Neonicotinoid Treated Plants Affecting Pollinators

Neonicotinoid Treated Plants Affecting Pollinators

Seeds and plants sold at home-improvement stores and gardening centers are being pretreated with neonicotinoids. Neonic residues, which can persist in plants and soil for up to six years, are poisonous to pollinators that are essential to our ecosystem and economy. Some pollinators, like the monarch caterpillar, may die after only two or three bites of neonicotinoid treated plant.

Pollinators contribute more than 24 billion dollars to the United States’ economy. Honey bees alone enable the production of 90 cash crops. However, the number of managed honey bee colonies in the U.S. has decreased from 6 to 2.5 million in the last 60 years. Now more than ever, pollinators deserve full attention.

Garden Club of America Calls For Action.

The Garden Club of America is a nonprofit organization that promotes the conservation and enjoyment of American gardens.
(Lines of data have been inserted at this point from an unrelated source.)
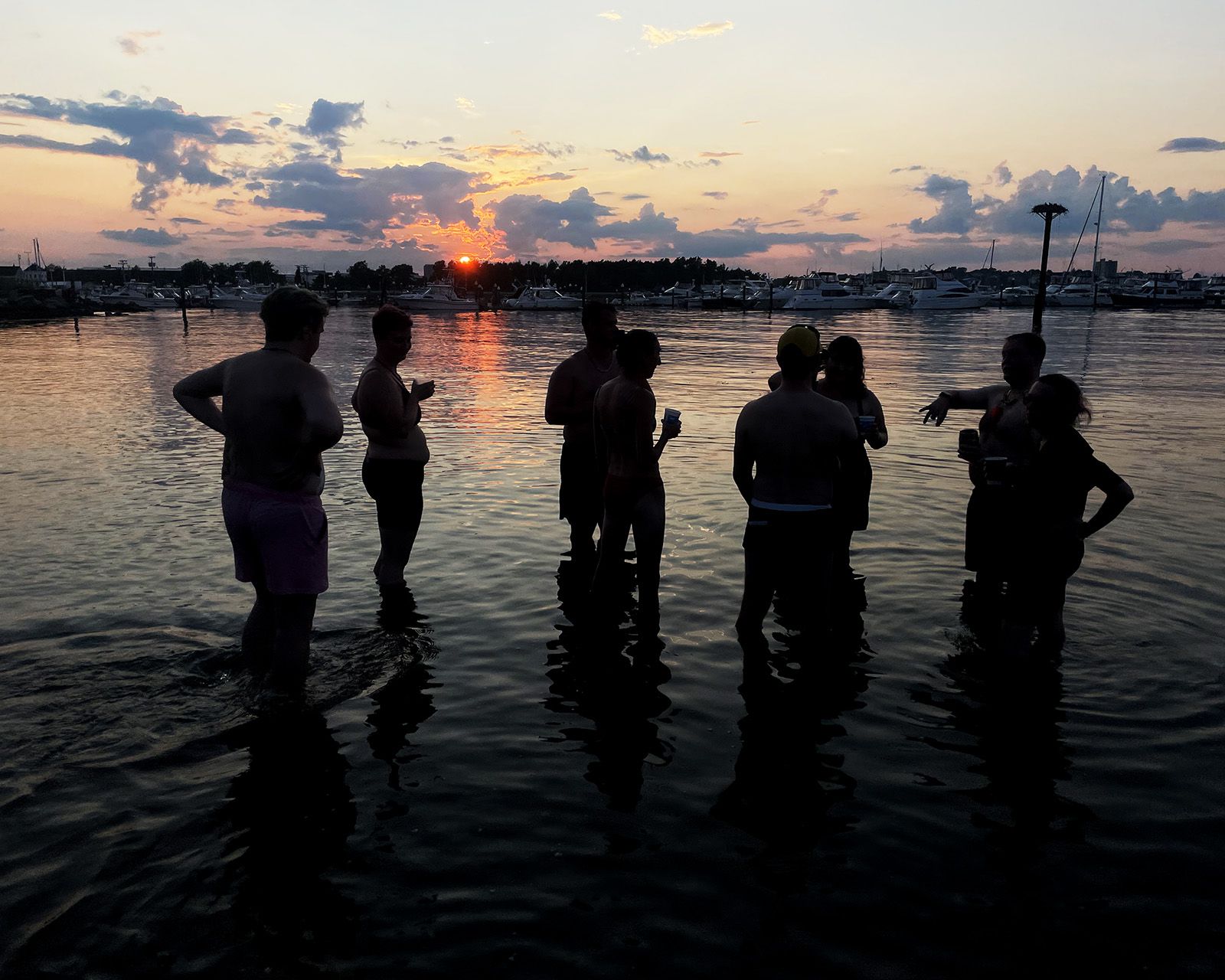 Hashers wading into the water at sunset, in silhouette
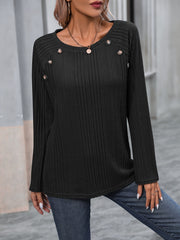 Black ribbed knit raglan sweater with button trim detail on the shoulder.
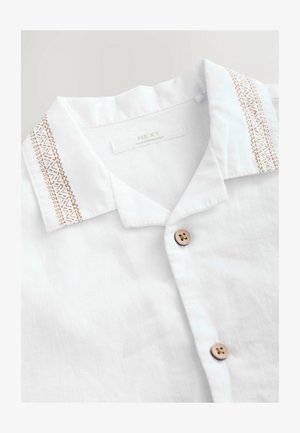 Vit skjorta med krage och texturerad broderad detalj i ljusbrunt, försedda med två runda träknappar framtill.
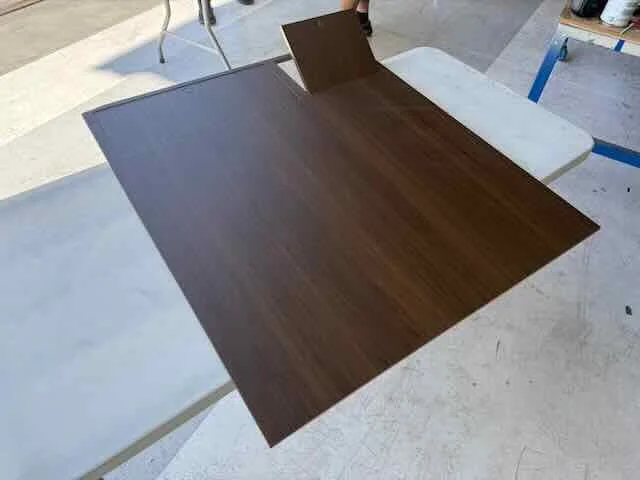 A wooden table with a darker brown surface and a light-colored cloth-covered surface near it, set on a concrete or stone floor.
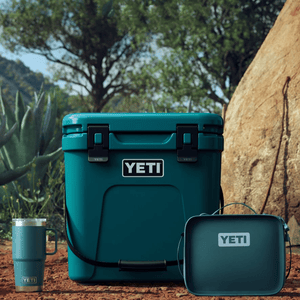 A YETI cooler, tumbler, and lunch box in teal color, set outdoors near a cactus and a tree.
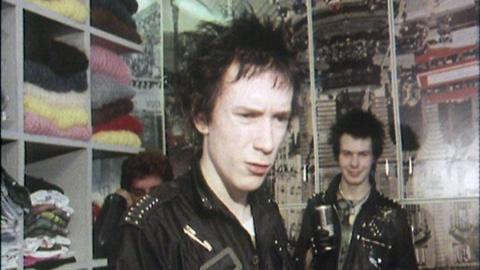 The Sex Pistols wearing leather jackets in Vivienne Westwood's clothing store.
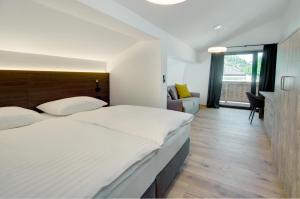 a bedroom with a large bed and a living room at Brandlhof lodge in Saalfelden am Steinernen Meer +22 photos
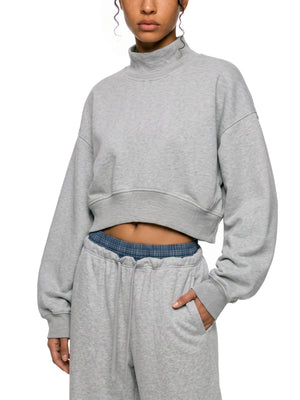 STILL. Women's Crop Mock Neck Sweatshirt, worn by a model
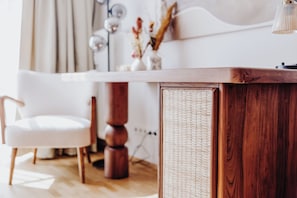Un interior moderno con una mesa de comedor de madera, una silla blanca y una mesita auxiliar de mimbre.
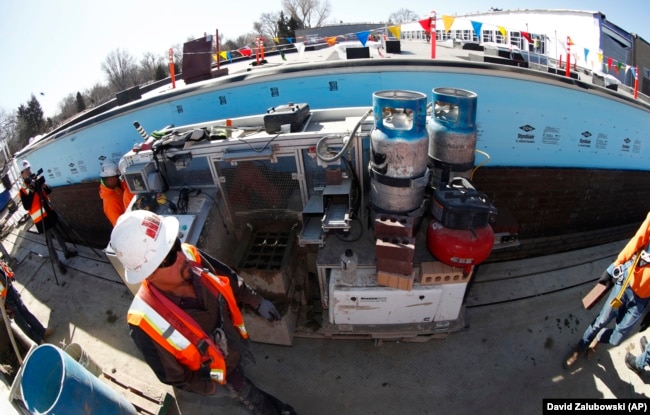 SAM, a semi-automated mason, is shown at work on a school in Englewood, Colorado.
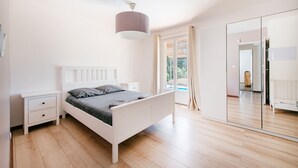 Une chambre à coucher avec un lit, des tables de chevet, une armoire et un grand miroir.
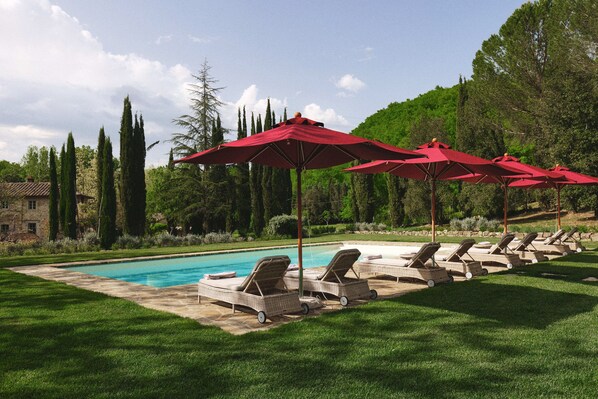 Zona de piscina con sillones de descanso y sombrillas rojas, rodeada de vegetación y árboles.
On May 5th, 2017, the organization’s executive board addressed the secretary of the Department of Agriculture, asking for restrictions on neonicotinoid use. The letter stressed the importance of pollinators and their role in society. 

The main problem is that consumers are unaware of the neonic residues in the plants they are purchasing. Consequently, even those who are concerned and trying to help protect pollinators are unknowingly harming them. With this in mind, the Garden Club of America called on the U.S. Department of Agriculture to take action. Ideally, regulations will force distributors  to stop using neonicotinoids, putting an end to the issue. Otherwise, they should have to at least mark the treated plants, allowing the buyer to make an informed decision.